Foram calculados o coeficiente de mortalidade por malária – CMM (total de óbitos por malária dividido pelo total da população no ano), o índice parasitário anual – IPA (total de exames positivos notificados, dividido pelo total da população estimada por microrregião e pelo estado como um todo, multiplicado por mil no ano), índice anual de exame de sangue -IAES (total de exames de sangue realizados, dividido pelo total da população multiplicado por mil no ano), índice de lâminas positivas – ILP (total de lâminas positivas para malária, notificadas no ano, dividido pelo total de lâminas examinadas, multiplicado por cem), índice de lâminas positivas para P. falciparum – ILPF (total notificado de lâminas positivas para o P. falciparum, dividido pelo total de lâminas positivas para malária notificado no ano, multiplicado por cem), índice de lâminas positivas para P. vivax – ILPV (total notificado de lâminas positivas para o P. vivax, dividido pelo total de lâminas positivas para malária notificado no ano, multiplicado por cem), razão P. falciparum/P. vivax – F/V (total de lâminas positivas para P. falciparum, dividido por total de lâminas positivas para P.vivax) e taxa de letalidade (total notificado de óbitos por malária, dividido pelo total de lâminas positivas, multiplicado por cem no ano). Para o IPA, adotou-se as agregações: a) 0,0 casos/mil habitantes; b) de 0,1 a 9,9; c) 10 a 19,9; d) 20 a 49,9; f) 50 a 79,9; g) 80 a 99,9; h) 100 a 199,9 e; i) 200 a 399,9 casos/mil habitantes.

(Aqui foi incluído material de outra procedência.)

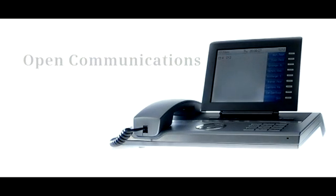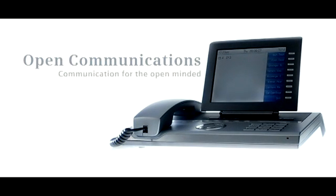Open Communications. Communication for the open-minded. Siemens.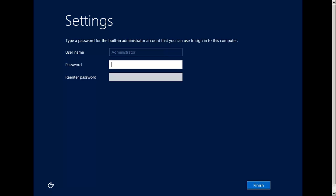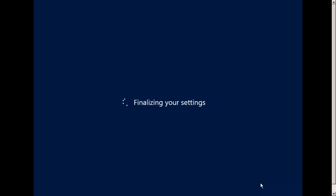We're back at the settings screen. We have to type a password for the built-in administrator account. I'll set the password, click Finish, and now it's going to finalize the settings.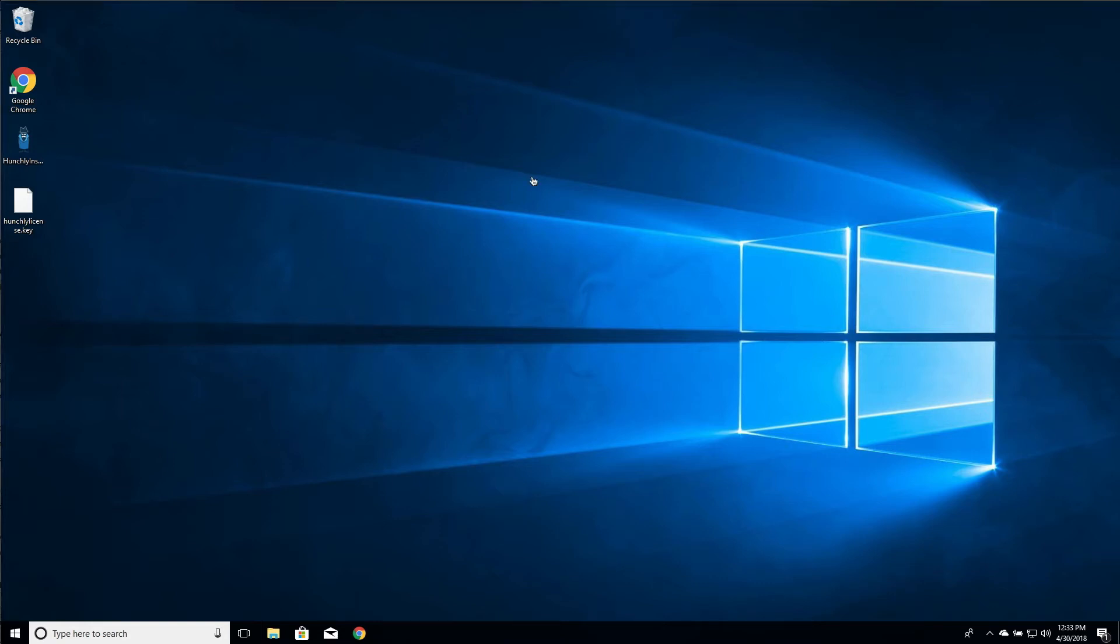Hi there and welcome to the video on how to install Hunchly 2 inside of Windows. So I'm using Windows 10 here. The instructions will be the same for other versions of Windows.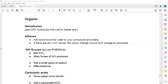To test for the presence of an alkene, we add bromine water and shake. If a double bond is present, a color change will occur — the solution changes from orange to colorless.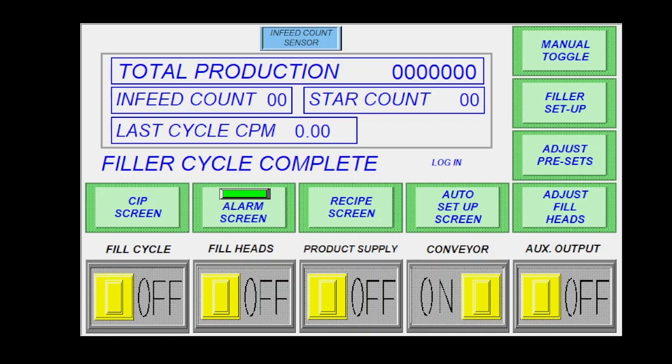This is going to be the basic overview of the Pro Series Gravity Filler HMI. This would be the main screen you would see when you would initially power up the machine.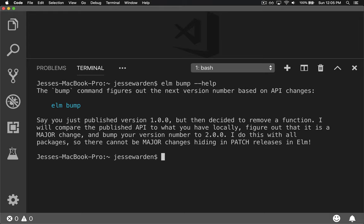And so it handles all that for you. So you just write Elm Bump. Instead of saying it Node, you say like Node Version Bump or Patch or Minor or whatever else. In Elm, it does it automatically based on the types, which is kind of a cool feature.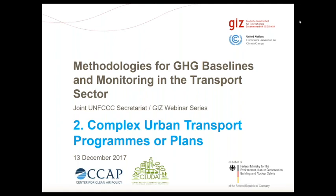Good afternoon or good morning everybody. My name is Urda Eichhorst. I work as an advisor on transport and climate change at the GIZ, the German Development Corporation, and it's my pleasure to welcome you to the second episode of the joint UNFCCC Secretariat and GIZ webinar series on methodologies for greenhouse gas baselines and monitoring in the transport sector. Today's episode is on complex urban transport programs or plans.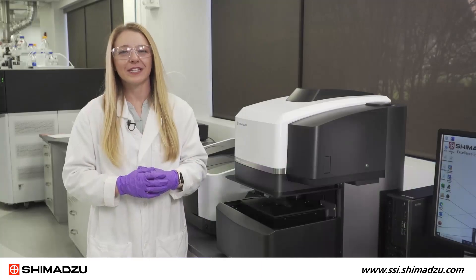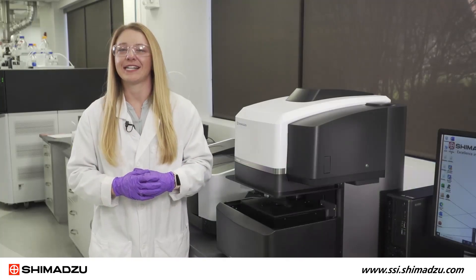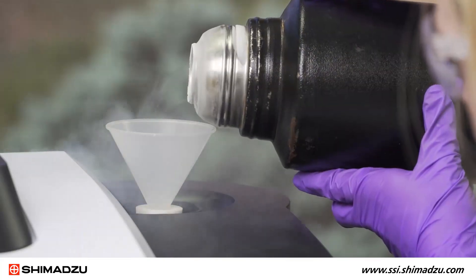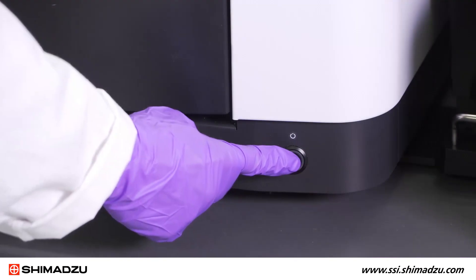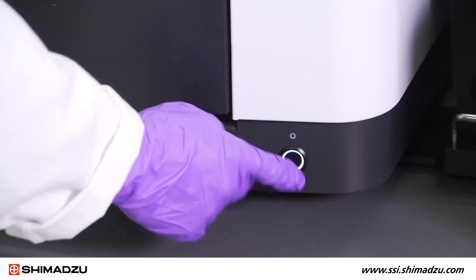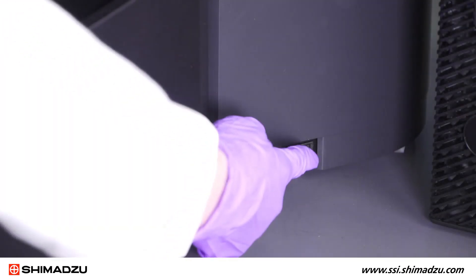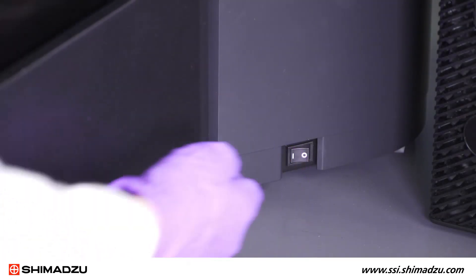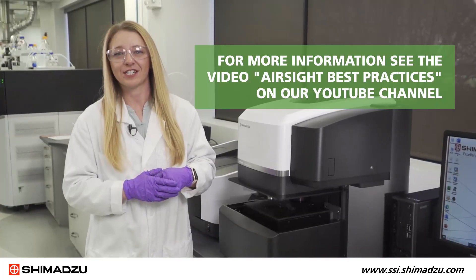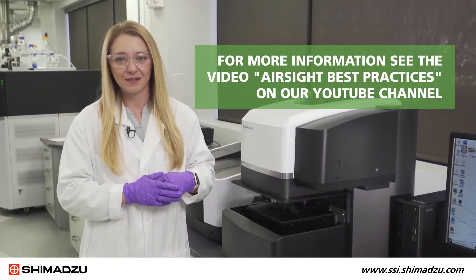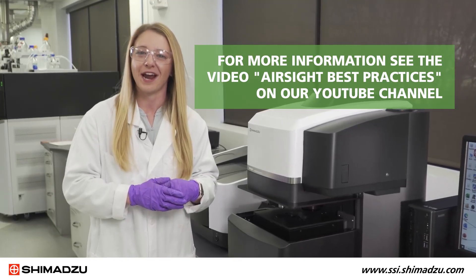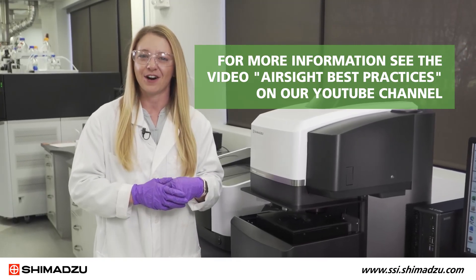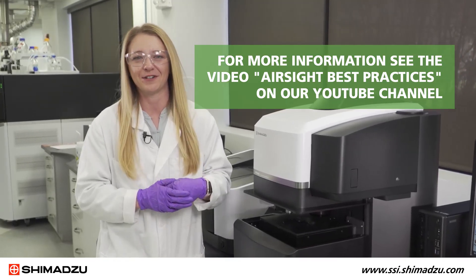Before we dive into the microplastic analysis, I first need to cool the microscope detector with liquid nitrogen, power on the FTIR bench, and power on the AIRsight. For more information on this process, please see my previous AIRsight best practice video on our YouTube channel.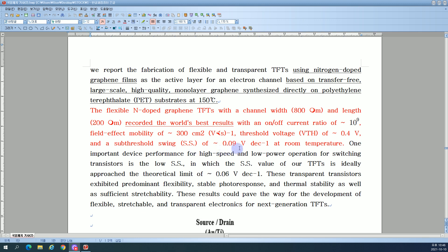Threshold voltage VTH of approximately 0.4 volts and subthreshold swing SS of approximately 0.09 volts per decade at room temperature. One important device performance metric for high-speed and low-power operation for switching transistors.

Como menor unidade espacial utilizou-se a microrregião homogênea (MR) estabelecida pelo IBGE, considerando que, no período estudado, esta sofreu menor oscilação em seus limites territoriais que os municípios. O Estado de Mato Grosso, desta forma, apresentava em 2004, 22 microrregiões homogêneas: Aripuanã, Alta Floresta, Colíder, Parecis, Arinos, Alto Teles Pires, Sinop, Paranatinga, Norte Araguaia, Canarana, Médio Araguaia, Alto Guaporé, Tangará da Serra, Jauru, Alto Paraguai, Rosário Oeste, Cuiabá, Alto Pantanal, Primavera do Oeste, Tesouro, Rondonópolis e Alto Araguaia (Figura 1). No período de 1980 a 2003, houve apenas a criação em 1982 da microrregião de Primavera do Oeste.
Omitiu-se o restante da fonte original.